嫉妬 ~堅くして陰府にひとし~ Ⅲ
◇◇◇ ◇◇◇
それから小一時間経った頃、クリスとフォウは骨董品や術具を扱っているお店をハシゴして回ってから、劇場でお芝居を観て楽しんでいた。
王都の案内という名目だが、どちらかといえば工程そのものはデート以外の何物でもない。
ただし、クリスはそんなことを一切考えていないし、クリスが全く意識していないこともフォウは見えている。
「はー! 面白いものですね!!」
クリスは初めて観る芝居に、本当に心を奪われていた。
未だに収まらない胸の高鳴りの苦しさが心地よくて。
「目、きらきらさせながら観てたねクリス」
「きらきらもしますよ! 口も開きますよ!!」
冷めぬ興奮にまた昂ぶって声を上げるクリスを、満足げに見つめる青年。
そしてクリスの興奮が少し落ち着いたところで彼は、
「ね、王子様に少し話があるんだけど、会えるのかな」
と尋ねてくる。
「えぇ、大丈夫だと思いますよ」
久々に会ったのだから、エリオットにも挨拶したいのだろう。
全く知らない者を連れていっても受け付けて貰えないかも知れないが、フォウは元々エリオットと面識がある。
多分平気だ、とクリスは根拠がスッカスカな判断をした。
エリオットと面識があろうとも、普通ならば城に交流の無いフォウがすぐに王子に面会など、まず無理だ。
だがそのスカスカな判断が出て来るのは、クリスが王子の我儘によってほぼ特権に等しい優遇を受けているからかも知れない。
この少女はいつ城に行っても受け入れて貰えるし、従者達からも別格として見られている。
太陽が下がり始めたばかりの頃、クリスはフォウを連れて城へと向かった。
「王子なら多分いつもの機密書室に篭もっているだろうよ」
門番に声を掛けてしばらくしてから出てきたのはレイアだった。
忙しいだろうに、クリスのこととなると彼女は出来る限り直接来てくれる。
「機密書室、ですか?」
入ってはいけなさそうな名前の部屋に少し気圧されつつ、場所が分からないのでそのまま城内を案内されながら、クリスとフォウは彼女に着いていく。

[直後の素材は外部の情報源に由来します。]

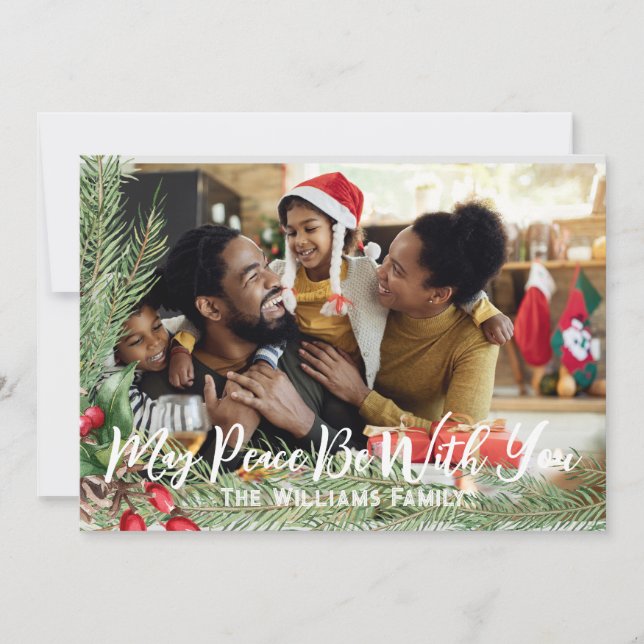 Cartão de Natal com Foto Dupla Face Moderno Feriad (Frente)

「あぁ、王子の取り扱っている遺物はそこに保管されているからね。大抵一人でそこに篭もっているんだよ」
「ははー、大変ですねぇ」
「ただ、そこに篭もられると私も安易に出入り出来ないから、仕事をしているのかさぼっているのか判断がつかないんだが」
そう言って溜め息。
クリスとフォウはお互いの顔を見合わせながら、こっそり笑った。
どうせさぼってるよね、とそんなことをお互いに思っているのが分かる顔だったから。
北東の端の塔の最上階が機密書室で、長い階段を上って行って着いた先には、何かをはめ込んで認証するタイプの装置が付いた分厚そうなドア。

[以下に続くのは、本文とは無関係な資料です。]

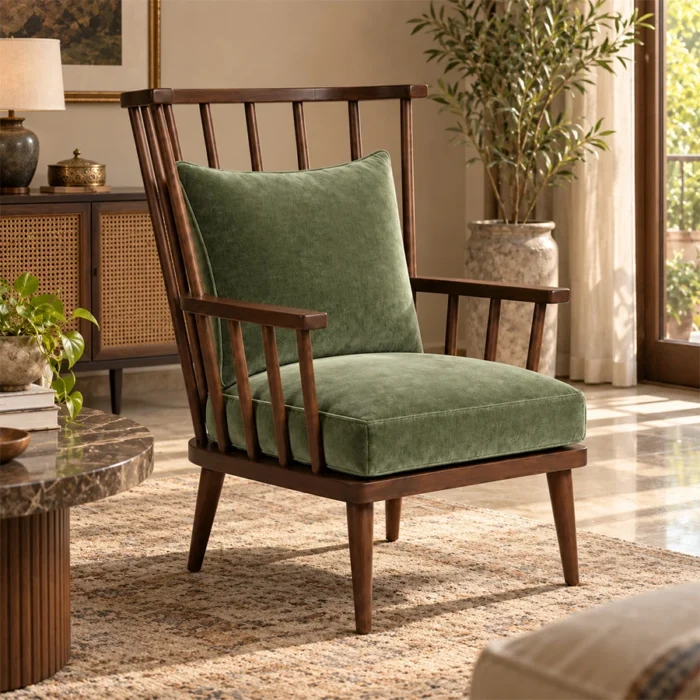 Windsor Nest spindle armchair styled in a warm contemporary room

「ロックが解除されているから、中にいるのは間違いないと思う」
そう言ってノックをするレイア。
「王子、居るのでしょう! 客人ですよ!!」
彼女がドア越しに呼びかけているのをぼーっと見ながら、二人はエリオットが出てくるのを待った。
「…………」
「…………」
出てこない。
「居眠りでもしてるとか」
フォウがぼそっと呟く。
もうしばらく待っているとドア越しに人の気配がした。
「レイアか?」
「えぇ、王子。クリスとそのお友達が来てますよ。公務はほとんど終わっているはずです、さぼっていないで出てきたらどうですか」
ドアは開けられていないため、声でしか判断出来ないが間違いなくエリオットの声。
さぼってることを断定してレイアは話しており、またフォウと顔を見合わせて、笑いを堪えるクリス。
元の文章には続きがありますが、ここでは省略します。